Now that I'm half-way through ripping my 1600 CDs to disk, my thoughts are turning to the next big project: ripping my vinyl.  In addition to ripping stuff that I don't have on CD, I'm expecting that my vinyl rips will often sound better than my CD rips, so I'm planning to rerip some of my very favorite stuff, like the Beatles.

Ideally, I'd like all my LPs to be available digitally, but that isn't going to happen in this lifetime.  One thing's for sure: once I rip an album, I never want to do it again.

I have a very high-end turntable/cartridge/equalization stage, and I want to archive the LPs with the maximum audio quality that they have to offer.  I basically don't care about the price of disk storage: it's cheap compared to the cost of my time to rip the vinyl.

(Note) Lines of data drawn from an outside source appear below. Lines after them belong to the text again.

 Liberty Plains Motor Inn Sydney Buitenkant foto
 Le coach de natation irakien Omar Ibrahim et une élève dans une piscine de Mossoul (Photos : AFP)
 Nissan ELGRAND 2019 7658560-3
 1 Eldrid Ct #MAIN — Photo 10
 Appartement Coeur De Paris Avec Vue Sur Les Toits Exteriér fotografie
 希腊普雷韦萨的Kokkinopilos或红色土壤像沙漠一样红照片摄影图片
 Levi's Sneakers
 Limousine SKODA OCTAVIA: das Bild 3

First off, my impression is that the sonic gain from going beyond 24/96 is unimportant.  Any thoughts on this? 

Second, I'm going to wait until 24/96 codecs are available (at least), even if that's several years. I'm guessing the MPEG4 standard will be the real-world basis for 24/96 support.

So my question is, when will products be available to support ripping vinyl at a resolution of 24/96 and playing 24/96 rips?

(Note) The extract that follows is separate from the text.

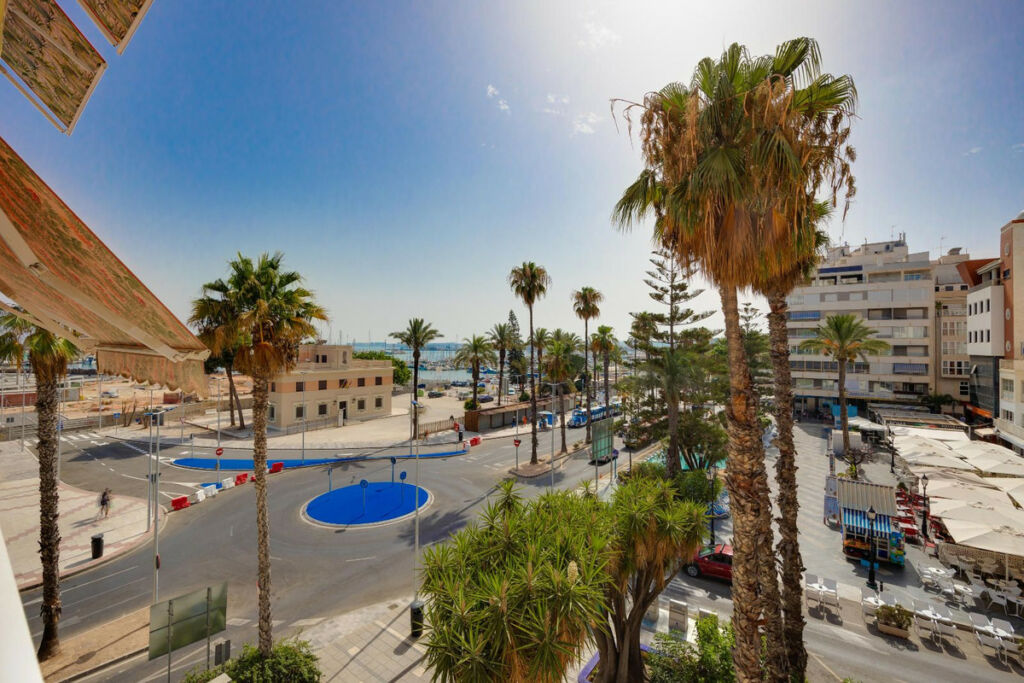 Middle Floor Apartment Torrevieja Alicante - image 9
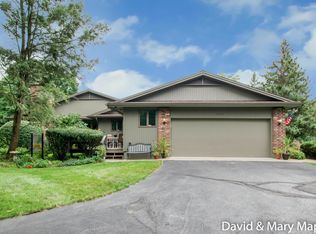 3598 Charlevoix Dr SE #116, Grand Rapids, MI 49546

My wild guess is that I will be able to start ripping in about a year using boutique products like foobar2000. More general adoption of 24/96 by products like Squeezebox won't be for 2-4 years.

What do your crystal balls say?

Rob

Vinyl -> 24/96: Rip once, rip right, never rip again

Reply #1
First off, my impression is that the sonic gain from going beyond 24/96 is unimportant.  Any thoughts on this?
As far as can be determined by studies - and by most of the personal experiences on this forum - yes. In fact, such experience also shows that 16/44.1 is probably going to be just as good as 24/96 for vinyl. (Some people in particular believe that there is nothing whatsoever to be gained from recording over 16/44, and they have very good evidence to support it.)

That said, I usually record at 24/96 simply because I can. I give up about 5db of SNR by doing so, and it takes 1-2 more minutes of time to postprocess due to the added computational load.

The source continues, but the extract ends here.